Bob Womack |
04-23-2018 03:58 PM |
Rebuilding the DAW at the studio and general hilarity
I've just spent three days rebuilding the DAW in my recording studio control room. One of the DAWs in house started behaving flaky so they decided to rebuild it. In the process they moved up from Windows Seven and Steinberg Nuendo 7.xx to Windows 10 and Nuendo 8.1. Both platforms have been out long enough to get settled. Because our house is a non-stop production environment, we choose to live behind the "bleeding edge" of technology and let someone else do the bleeding! The upgraded box was used for three months to verify that it was stable. Once we had a functional box in another room it was time to upgrade them all, including mine. The maintenance engineer I was working with decided the best course of action was to simply replace the computer's boot drive and build the DAW from scratch. I spent a half-day backing up all that data and all the settings I could before we pulled the plug and replaced the drive. Installation of the new drive, Windows, and all the drivers took a morning and then it was my turn.

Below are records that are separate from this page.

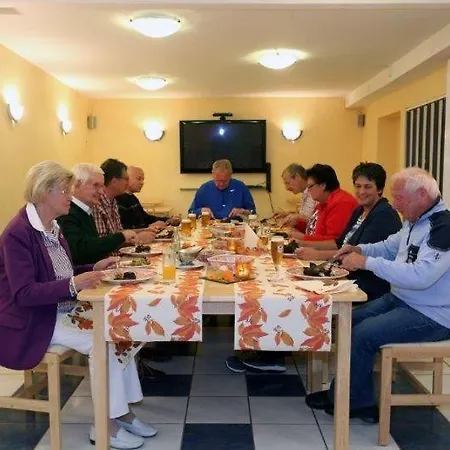 Restaurant-pension Buergerhof 宾馆 *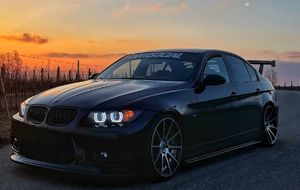 BMW E90 330i 190kW od Phoenixe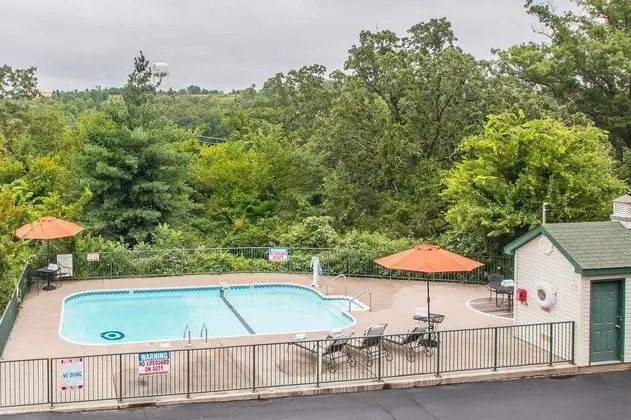 Econo Lodge at Thousand Hills
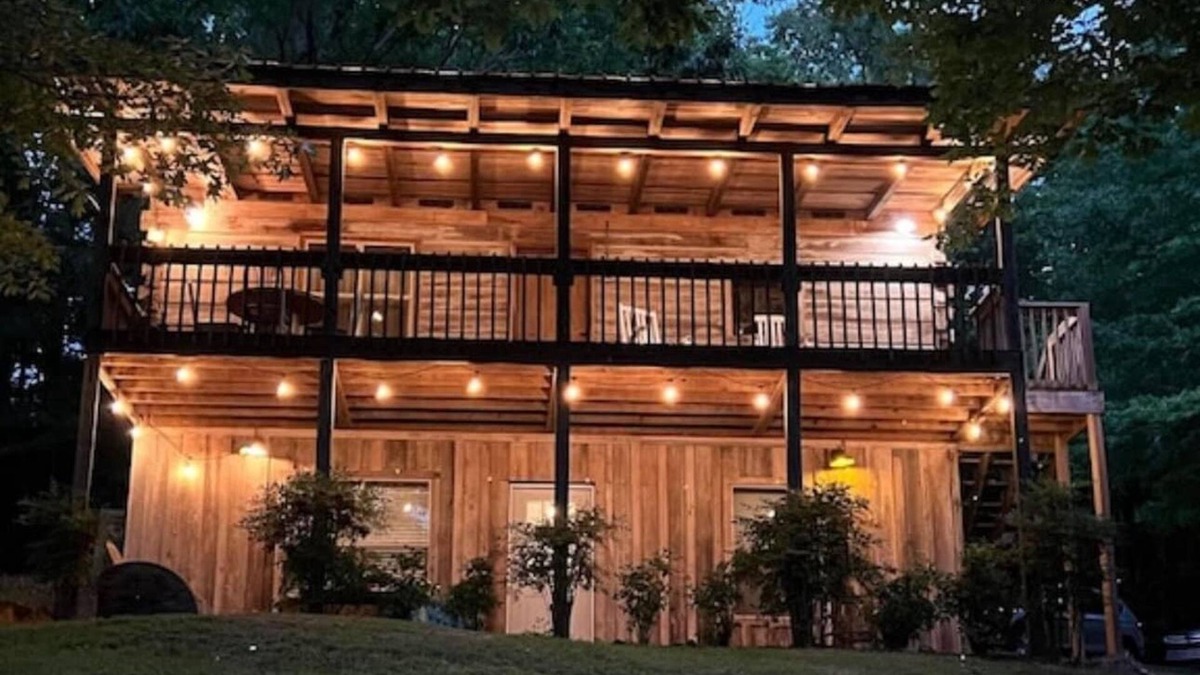 Cullman Cabin | Cabin’s A & B ~ Smith Lake Alabama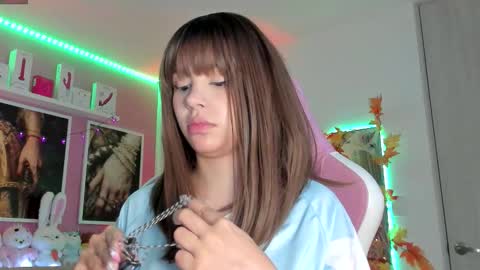 Snapshot of ela_garu_ chatting on 10/09/25, 04:54 Ela online show from 10/09/25, 04:54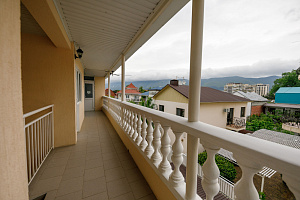 Гостевые дома Геленджика с балконом, "Золотой Песок" с балконом - забронировать номер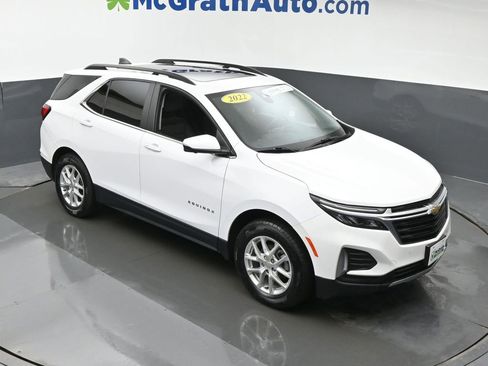 Used 2022 Chevrolet Equinox LT image 3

The whole installation is complicated by several facts:
1) The computer lives in the machine room and the monitors, input devices, and controllers live in the control room. Everything is remoted by Ethernet and other systems.
2) We are connected via LAN to several hubs that contain more than fifteen production servers managed by multiple access systems that demand different access credentials.
3) The DAW and the mastering software WaveLab run plugins from Waves, iZotope, UAD, Antares, Wavemachine Labs, and others and uses multiple authorization methods from iLok to eLicenser to local authorization files. All these are getting better but there are always a couple of authorization snags each time we rebuild.
4) The video software, Adobe Premiere, and associated Media Encoder must be installed and all video standards used in the house must have templates and presets for quick and proper support.
5) The machine utilizes a three-head video card with two of the monitors being used to contain the DAW’s graphical user interface and the third used to display any video associated with the project.
6) All this software has to live together in harmony. Most of the plug-ins have drivers and handlers. Hilariously, some those drivers need drivers to talk to other drivers and there is no central repository of information about what it takes to bring peace between all the warring factions.
I spent a day wrestling the various plugs into submission and acquiring access and software for all the servers. Then it was a half-day chore configuring all the software to perform properly for my various tasks (music recording, audio post production for film and video, mastering, etc.). I’d call the build 99% done at this point.
And guess what was waiting as my first session the moment I declared the room reasonably back online? It was a live feed between my studio and another on the opposite coast to allow my company's CEO could do a live interview from the recording room! I never seem to get the low-pressure jobs first after a rebuild.